━━━ PROVIDED MATERIAL

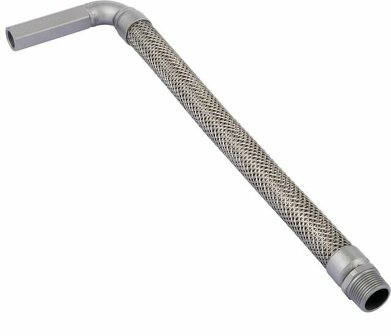 Sprinklerschlauch 90&deg;, UVP, 1", DN25, 1/2"x 1000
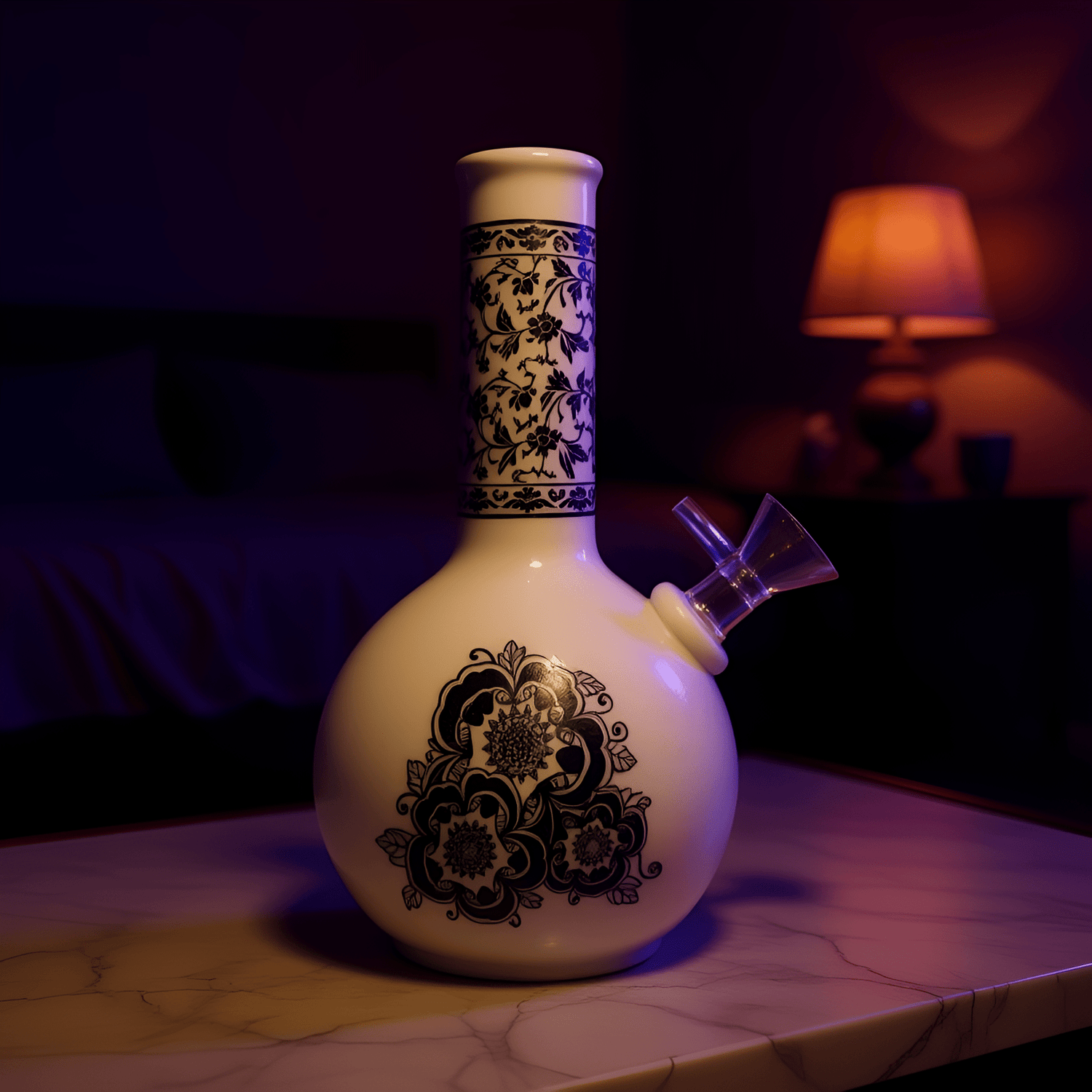 Bong | Water Pipe - Rapple Stoned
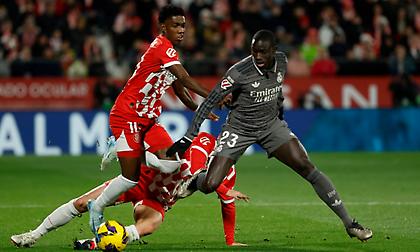 Τζιρόνα-Ρεάλ Μαδρίτης 0-3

━━━━━━

### WHAT YOU WILL DO
Nothing but the pictures is to be left out; the rest of the listing should be copied exactly.

### ANSWER FOR THIS EXERCISE
 Sprinklerschlauch 90&deg;, UVP, 1", DN25, 1/2"x 1000
 Bong | Water Pipe - Rapple Stoned
 Τζιρόνα-Ρεάλ Μαδρίτης 0-3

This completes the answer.